The default order of an IOS loading from a router is flash, TFTP server, and then ROM.

3. The IOS software looks for a valid configuration file stored in NVRAM. This file is called startup-config and is present in NVRAM only if an administrator copies the running-config file into NVRAM. (Cisco’s new Integrated Services Router (ISR) has a small startup-config file preloaded.)

4. If a startup-config file is in NVRAM, the router will copy this file and place it in RAM and then call the file running-config. The router will use this file to run the router. The router should then be operational. If a startup-config file is not present in NVRAM, the router will attempt to locate a TFTP server that may contain this file. It will do so by broadcasting out any interface that detects carrier detect (CD), and if that fails, it will start the setup mode configuration process.

Exam Essentials

Remember the default configuration register setting.

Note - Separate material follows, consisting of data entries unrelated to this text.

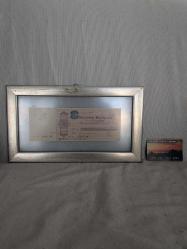 (No19) Osmanlı Selanik Bankası kullanılmamış çek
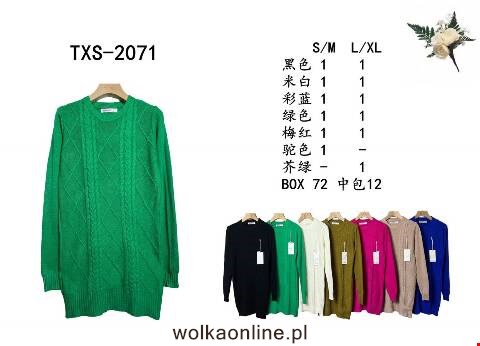 Sweter damskie TXS-2071 Mix kolor S/M-L/XL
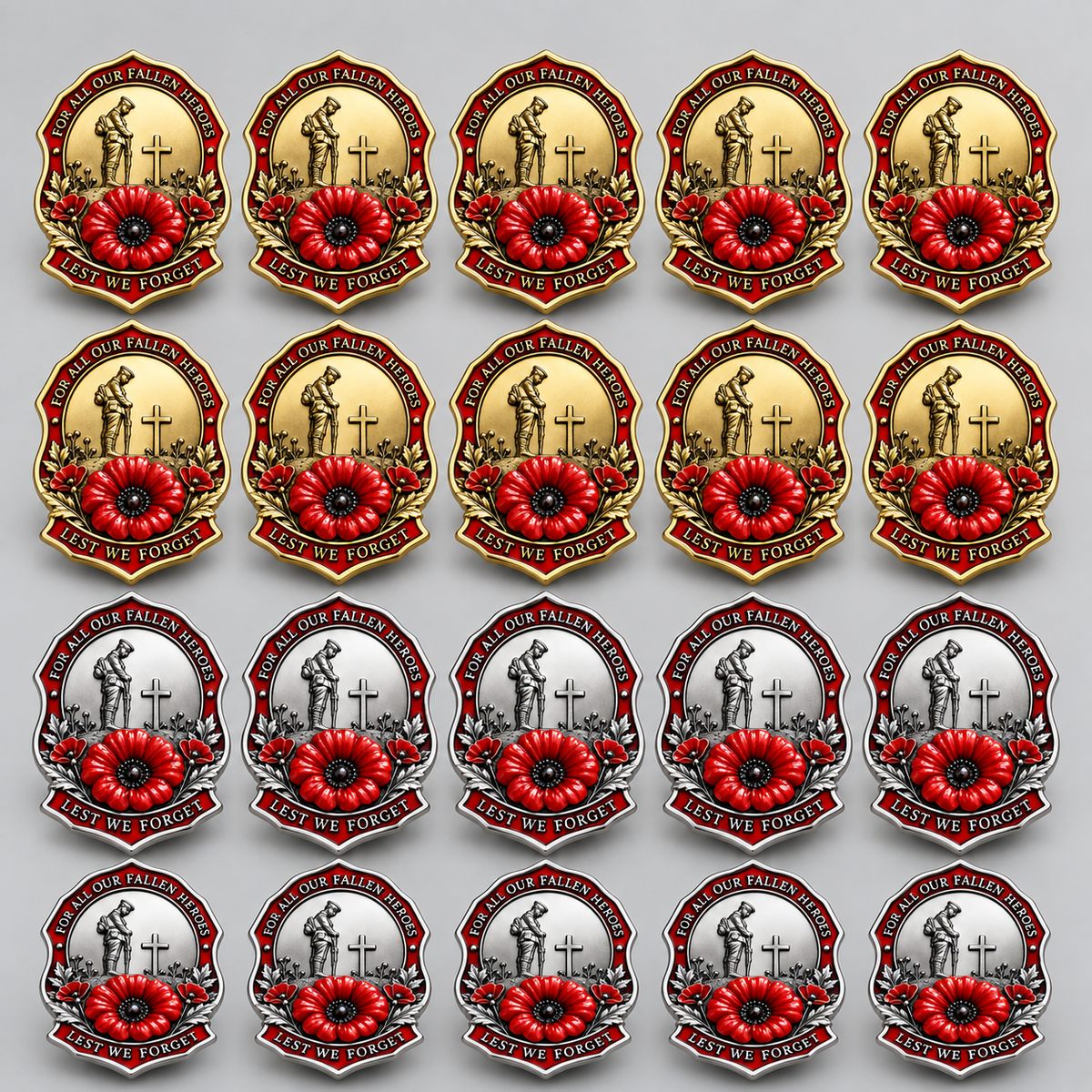 ❤️ Limited Edition Red Poppy Memorial Brooch Honoring Our Fallen Heroes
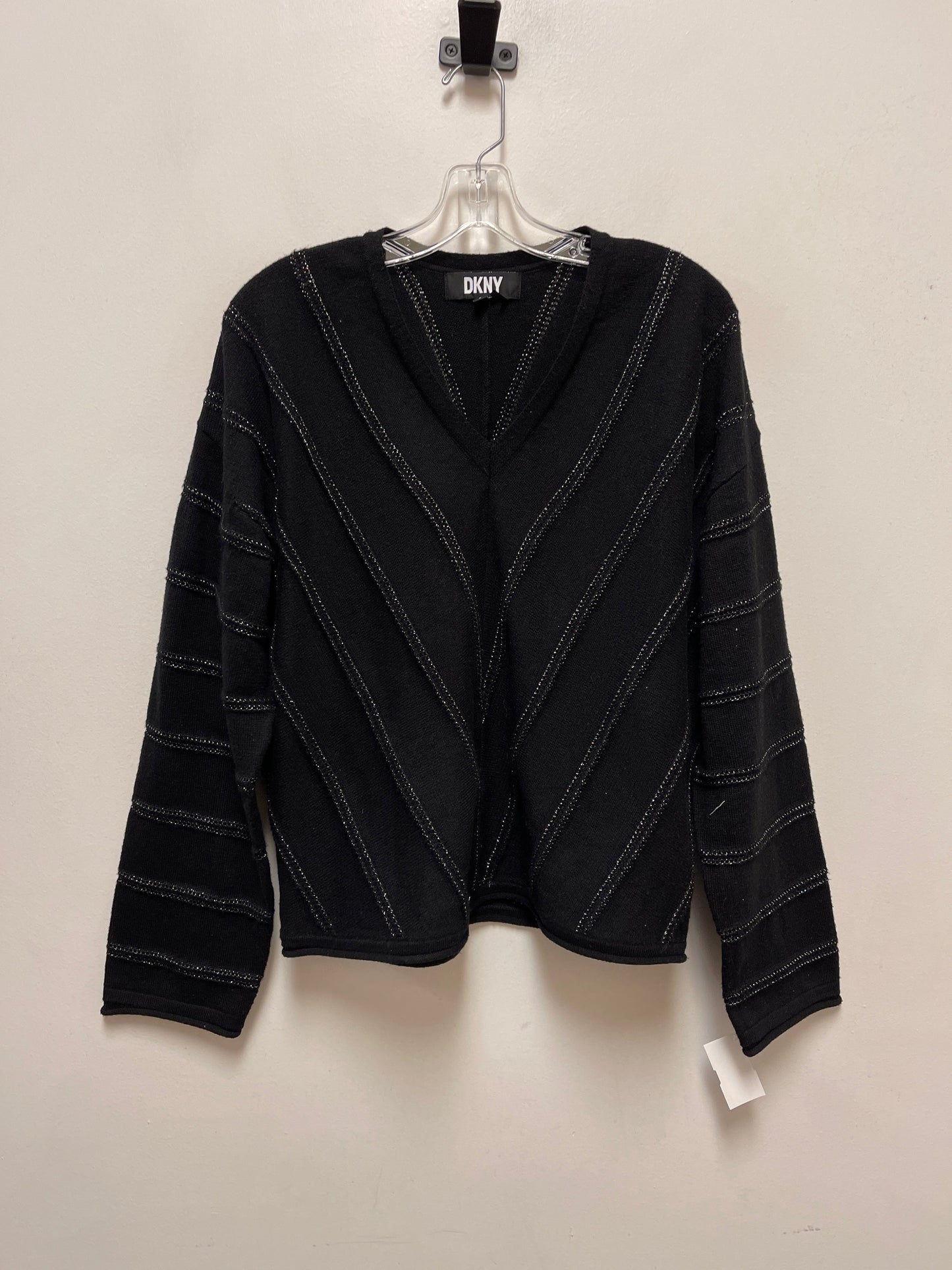 Top Long Sleeve By Dkny In Black, Size: M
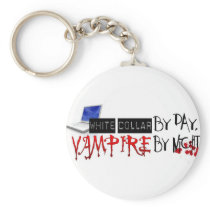 white collar by day, vampire by night keychain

The default configuration register setting is 0x2102, which means “load the IOS from flash and the configuration from NVRAM.”

Remember where the IOS is stored by default. The IOS is stored and loaded from flash memory by default on all Cisco routers.

Define and identify the location of all router components. Identify all components listed in Table 4-1 and their locations.

Select the Appropriate Media, Cables, Ports, and Connectors to Connect Routers to Other Network Devices and Hosts

See the section titled “Select the Appropriate Media, Cables, Ports, and Connectors to Connect Switches to Other Network Devices and Hosts” in Chapter 2, “Configure, Verify, and Troubleshoot a Switch with VLANs and Interswitch Communications,” for coverage of LAN media, cables, and connections.

Router WAN Connections

As you can imagine, there are a few things you will need to know before you connect your WAN in order to make sure everything goes well. For starters, you have to understand the kind of WAN Physical layer implementation that Cisco provides and be familiar with the various types of WAN serial connectors.

The good news is that Cisco serial connections support almost any type of WAN service. The typical WAN connection is a dedicated leased line using HDLC, PPP, and Frame Relay with speeds that can kick it up to 45Mbps (T3).

HDLC, PPP, and Frame Relay can use the same Physical layer specifications. I’ll go over the various types of connections and then tell you all about the WAN protocols specified in the CCNA objectives.

Serial Transmission

WAN serial connectors use serial transmission, which takes place 1 bit at a time over a single channel.

Parallel transmission can pass at least 8 bits at a time, but all WANs use serial transmission.

Cisco routers use a proprietary 60-pin serial connector that you have to get from Cisco or a provider of Cisco equipment. Cisco also has a new, smaller proprietary serial connection that’s about 1⁄10 the size of the 60-pin basic serial cable, called the smart-serial. You must make sure that you have the right type of interface in your router before using this cable connector.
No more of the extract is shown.